══ Exercise data ══
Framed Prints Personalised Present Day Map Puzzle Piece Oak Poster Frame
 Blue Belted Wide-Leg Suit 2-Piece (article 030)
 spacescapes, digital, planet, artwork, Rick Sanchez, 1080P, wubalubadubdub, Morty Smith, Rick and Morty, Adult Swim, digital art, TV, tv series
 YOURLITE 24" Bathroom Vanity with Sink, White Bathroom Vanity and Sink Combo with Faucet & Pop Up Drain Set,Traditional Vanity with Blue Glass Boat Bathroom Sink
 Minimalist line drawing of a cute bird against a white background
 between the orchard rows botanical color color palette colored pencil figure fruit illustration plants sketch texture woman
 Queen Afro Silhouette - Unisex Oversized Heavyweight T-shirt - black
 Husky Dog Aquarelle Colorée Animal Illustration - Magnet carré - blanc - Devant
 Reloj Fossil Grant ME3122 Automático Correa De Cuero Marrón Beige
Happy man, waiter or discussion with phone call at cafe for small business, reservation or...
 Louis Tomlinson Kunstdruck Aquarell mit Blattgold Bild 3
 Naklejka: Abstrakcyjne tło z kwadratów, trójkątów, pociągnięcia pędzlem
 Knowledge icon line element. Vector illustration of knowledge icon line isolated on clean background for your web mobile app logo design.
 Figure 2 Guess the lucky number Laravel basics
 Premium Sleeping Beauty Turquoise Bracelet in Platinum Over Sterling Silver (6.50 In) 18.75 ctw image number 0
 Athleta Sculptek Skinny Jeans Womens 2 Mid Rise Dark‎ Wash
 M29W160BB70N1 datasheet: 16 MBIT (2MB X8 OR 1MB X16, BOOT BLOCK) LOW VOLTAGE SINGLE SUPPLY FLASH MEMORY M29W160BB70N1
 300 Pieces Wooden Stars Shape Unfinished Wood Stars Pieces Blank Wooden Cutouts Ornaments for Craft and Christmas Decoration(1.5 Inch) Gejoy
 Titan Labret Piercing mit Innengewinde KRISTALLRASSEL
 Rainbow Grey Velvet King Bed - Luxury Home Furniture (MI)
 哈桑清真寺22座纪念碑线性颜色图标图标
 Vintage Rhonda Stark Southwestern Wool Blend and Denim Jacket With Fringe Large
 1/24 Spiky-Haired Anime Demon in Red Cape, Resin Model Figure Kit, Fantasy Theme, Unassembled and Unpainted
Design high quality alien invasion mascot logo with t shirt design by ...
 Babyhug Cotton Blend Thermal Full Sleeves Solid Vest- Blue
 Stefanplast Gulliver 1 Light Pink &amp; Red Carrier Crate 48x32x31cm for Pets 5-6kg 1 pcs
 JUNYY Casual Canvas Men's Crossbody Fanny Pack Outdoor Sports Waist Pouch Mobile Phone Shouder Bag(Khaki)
═══
Set down each record verbatim.

Framed Prints Personalised Present Day Map Puzzle Piece Oak Poster Frame
 Blue Belted Wide-Leg Suit 2-Piece (article 030)
 spacescapes, digital, planet, artwork, Rick Sanchez, 1080P, wubalubadubdub, Morty Smith, Rick and Morty, Adult Swim, digital art, TV, tv series
 YOURLITE 24" Bathroom Vanity with Sink, White Bathroom Vanity and Sink Combo with Faucet & Pop Up Drain Set,Traditional Vanity with Blue Glass Boat Bathroom Sink
 Minimalist line drawing of a cute bird against a white background
 between the orchard rows botanical color color palette colored pencil figure fruit illustration plants sketch texture woman
 Queen Afro Silhouette - Unisex Oversized Heavyweight T-shirt - black
 Husky Dog Aquarelle Colorée Animal Illustration - Magnet carré - blanc - Devant
 Reloj Fossil Grant ME3122 Automático Correa De Cuero Marrón Beige
Happy man, waiter or discussion with phone call at cafe for small business, reservation or...
 Louis Tomlinson Kunstdruck Aquarell mit Blattgold Bild 3
 Naklejka: Abstrakcyjne tło z kwadratów, trójkątów, pociągnięcia pędzlem
 Knowledge icon line element. Vector illustration of knowledge icon line isolated on clean background for your web mobile app logo design.
 Figure 2 Guess the lucky number Laravel basics
 Premium Sleeping Beauty Turquoise Bracelet in Platinum Over Sterling Silver (6.50 In) 18.75 ctw image number 0
 Athleta Sculptek Skinny Jeans Womens 2 Mid Rise Dark‎ Wash
 M29W160BB70N1 datasheet: 16 MBIT (2MB X8 OR 1MB X16, BOOT BLOCK) LOW VOLTAGE SINGLE SUPPLY FLASH MEMORY M29W160BB70N1
 300 Pieces Wooden Stars Shape Unfinished Wood Stars Pieces Blank Wooden Cutouts Ornaments for Craft and Christmas Decoration(1.5 Inch) Gejoy
 Titan Labret Piercing mit Innengewinde KRISTALLRASSEL
 Rainbow Grey Velvet King Bed - Luxury Home Furniture (MI)
 哈桑清真寺22座纪念碑线性颜色图标图标
 Vintage Rhonda Stark Southwestern Wool Blend and Denim Jacket With Fringe Large
 1/24 Spiky-Haired Anime Demon in Red Cape, Resin Model Figure Kit, Fantasy Theme, Unassembled and Unpainted
Design high quality alien invasion mascot logo with t shirt design by ...
 Babyhug Cotton Blend Thermal Full Sleeves Solid Vest- Blue
 Stefanplast Gulliver 1 Light Pink &amp; Red Carrier Crate 48x32x31cm for Pets 5-6kg 1 pcs
 JUNYY Casual Canvas Men's Crossbody Fanny Pack Outdoor Sports Waist Pouch Mobile Phone Shouder Bag(Khaki)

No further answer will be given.